When conversations about abortion reduce it to a “women’s issue” or an issue only for people who can carry pregnancies, we exclude a wide swath of people.
There is a tendency to exclude men, without an acknowledgment that some trans men can become pregnant and despite the fact that cisgender men are not the only people who can’t become pregnant. Trans women, cisgender women who struggle with infertilty, some intersex people, some trans men, some non-binary people, and some Two Spirit people all cannot become pregnant.
Protest signs and messages often use the framing of “no uterus, no opinion,” ignoring that there are many cisgender women who have and have not carried pregnancies who have had hysterectomies and no longer have a uterus. Hysterectomies are, in fact, the second most common surgery for cisgender women.
Centering who gets to have opinions about abortion around whether or not people are currently able to become pregnant excludes people from our understanding of abortion rights, rather than expanding it.
Restrictions on trans rights and abortion rights come from the same playbook.
In the same breath, we must acknowledge that the systems and structures involved in banning abortion are focused on restricting the rights of women and the rights of trans people. Over 300 anti-trans and anti-LGBTQ bills have been proposed in state legislatures just in 2022, and over 20 new anti-trans bills have become law over the past three years. In the same period of time, 541 of restrictions aimed at pushing abortion out of reach have been proposed and 38 have become law.
Nearly all of these bills politicize our bodily autonomy and access to essential, life-saving health care. Trans affirming health care and abortion are both already hugely expensive medical procedures, often not covered by health insurance. Both are often prohibited from being covered by insurance under state laws.

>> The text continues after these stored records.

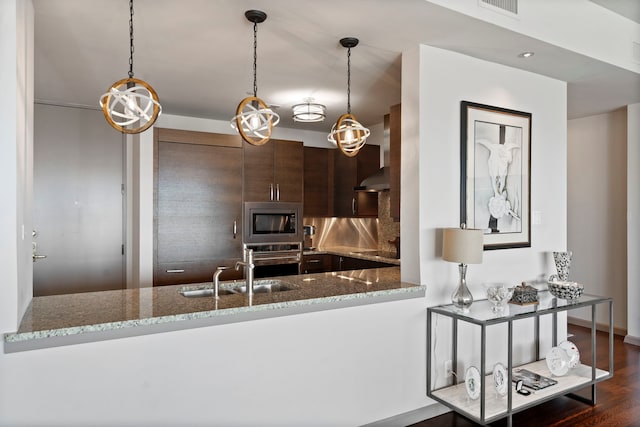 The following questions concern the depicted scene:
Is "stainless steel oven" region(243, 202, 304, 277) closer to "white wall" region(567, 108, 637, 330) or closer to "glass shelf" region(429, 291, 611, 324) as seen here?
"glass shelf" region(429, 291, 611, 324)

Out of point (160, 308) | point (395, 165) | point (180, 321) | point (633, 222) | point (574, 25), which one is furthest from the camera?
point (633, 222)

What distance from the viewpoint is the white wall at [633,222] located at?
4.48 meters

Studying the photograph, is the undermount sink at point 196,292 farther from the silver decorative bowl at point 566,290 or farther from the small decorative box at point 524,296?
the silver decorative bowl at point 566,290

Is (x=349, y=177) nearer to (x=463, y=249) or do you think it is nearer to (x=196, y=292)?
(x=463, y=249)

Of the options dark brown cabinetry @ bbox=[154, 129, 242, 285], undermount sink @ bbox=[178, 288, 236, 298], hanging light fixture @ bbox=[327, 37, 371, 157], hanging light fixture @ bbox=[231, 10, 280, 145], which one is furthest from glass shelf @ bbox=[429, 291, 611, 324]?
dark brown cabinetry @ bbox=[154, 129, 242, 285]

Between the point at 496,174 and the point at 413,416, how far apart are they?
1798 mm

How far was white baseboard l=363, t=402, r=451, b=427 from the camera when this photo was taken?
2.77 m

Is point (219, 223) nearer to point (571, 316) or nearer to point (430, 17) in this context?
point (430, 17)

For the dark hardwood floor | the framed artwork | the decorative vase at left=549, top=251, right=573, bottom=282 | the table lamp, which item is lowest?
the dark hardwood floor

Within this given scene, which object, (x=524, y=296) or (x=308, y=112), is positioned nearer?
(x=524, y=296)

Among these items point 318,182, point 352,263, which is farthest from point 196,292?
point 318,182

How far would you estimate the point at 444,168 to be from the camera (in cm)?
300

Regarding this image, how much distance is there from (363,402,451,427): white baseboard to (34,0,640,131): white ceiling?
94.8 inches

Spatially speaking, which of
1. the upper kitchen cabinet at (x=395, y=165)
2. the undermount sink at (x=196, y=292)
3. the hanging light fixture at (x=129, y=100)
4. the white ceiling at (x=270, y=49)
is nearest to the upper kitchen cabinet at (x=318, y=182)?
the white ceiling at (x=270, y=49)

For trans people, laws in some states prohibit access to gender affirming care, particularly for youth, or worse, criminalize parents who allow their children to access this care. For people who need abortion care, there are legal restrictions that prohibit insurance coverage, enforce long waiting periods for time-sensitive care, and other medically unnecessary barriers.
Any way you slice it, diving into the politics of both abortion access and trans rights requries people who may need an abortion and trans people to be ready to debate why we need access safe, common medical procedures that will save our lives. It is, quite frankly, exhausting to repeatedly ask for acknowledgment of a shared experience, especially one that can be so medically life-altering.
Our bodies are our own. Our health care choices are ours to make. And abortion and gender-affirming care are our right.